[[ MATERIAL FOR THE TASK open ]]

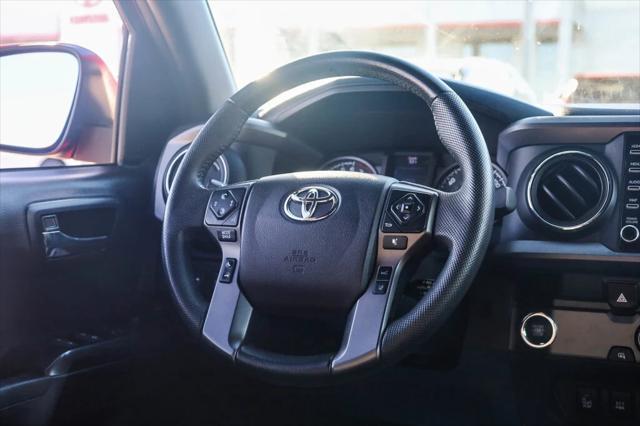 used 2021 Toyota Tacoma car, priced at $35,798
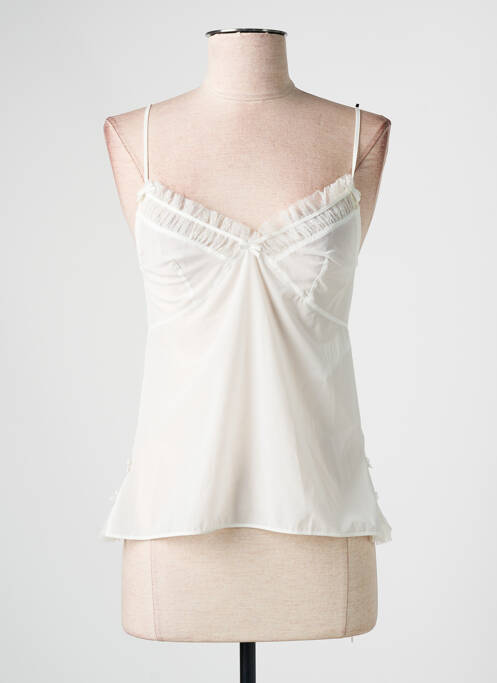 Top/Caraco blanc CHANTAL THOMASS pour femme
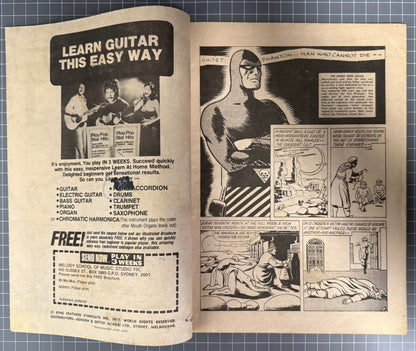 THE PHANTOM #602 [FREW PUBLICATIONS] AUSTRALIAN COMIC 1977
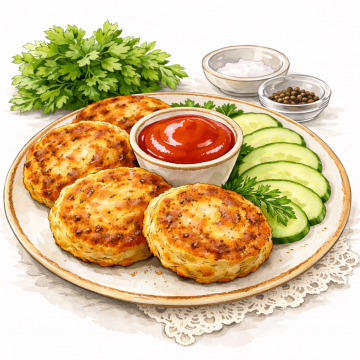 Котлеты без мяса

[[ MATERIAL FOR THE TASK closed ]]
[[ MATERIAL FOR THE TASK open ]]

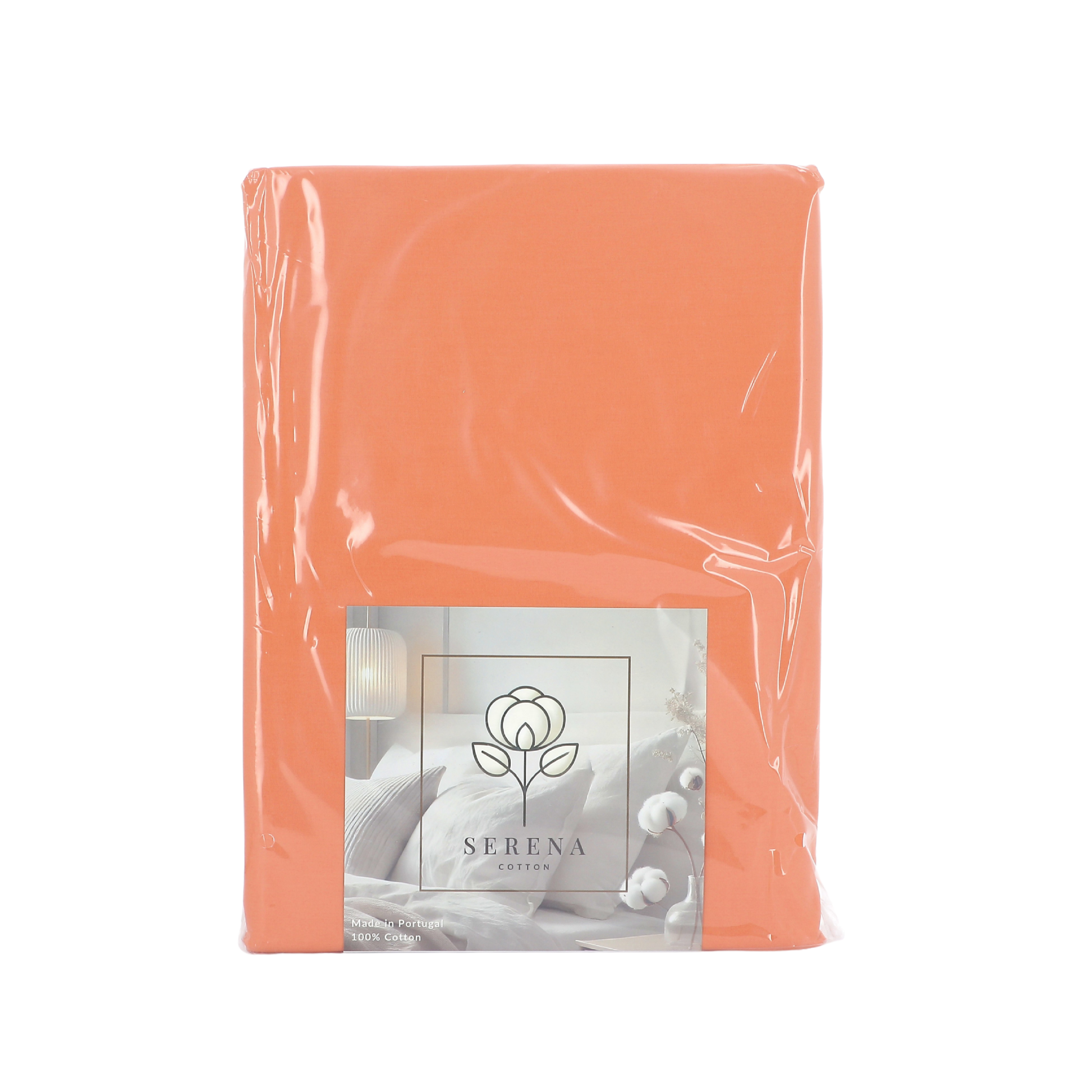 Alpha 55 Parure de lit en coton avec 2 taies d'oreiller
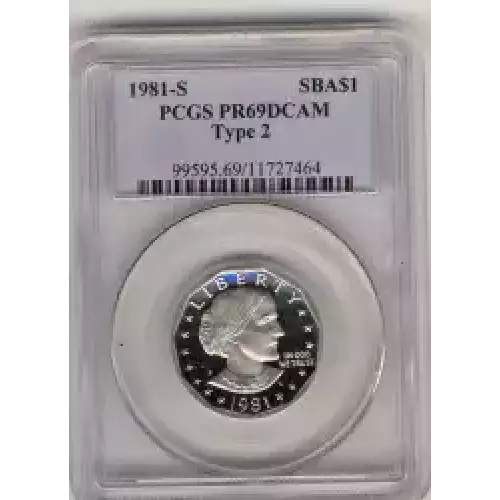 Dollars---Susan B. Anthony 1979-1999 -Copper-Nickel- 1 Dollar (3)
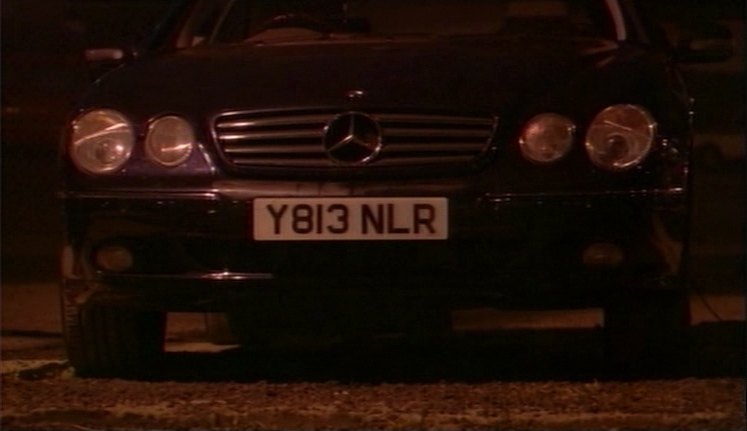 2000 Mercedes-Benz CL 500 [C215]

[[ MATERIAL FOR THE TASK closed ]]
[[ MATERIAL FOR THE TASK open ]]

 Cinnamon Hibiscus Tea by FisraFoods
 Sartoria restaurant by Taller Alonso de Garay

[[ MATERIAL FOR THE TASK closed ]]

Leaving each picture behind, please give again exactly the lines above from the one with "used 2021 Toyota" through the one with "Котлеты без мяса", both included, and no others.

REPLY:
 used 2021 Toyota Tacoma car, priced at $35,798
 Top/Caraco blanc CHANTAL THOMASS pour femme
 THE PHANTOM #602 [FREW PUBLICATIONS] AUSTRALIAN COMIC 1977
 Котлеты без мяса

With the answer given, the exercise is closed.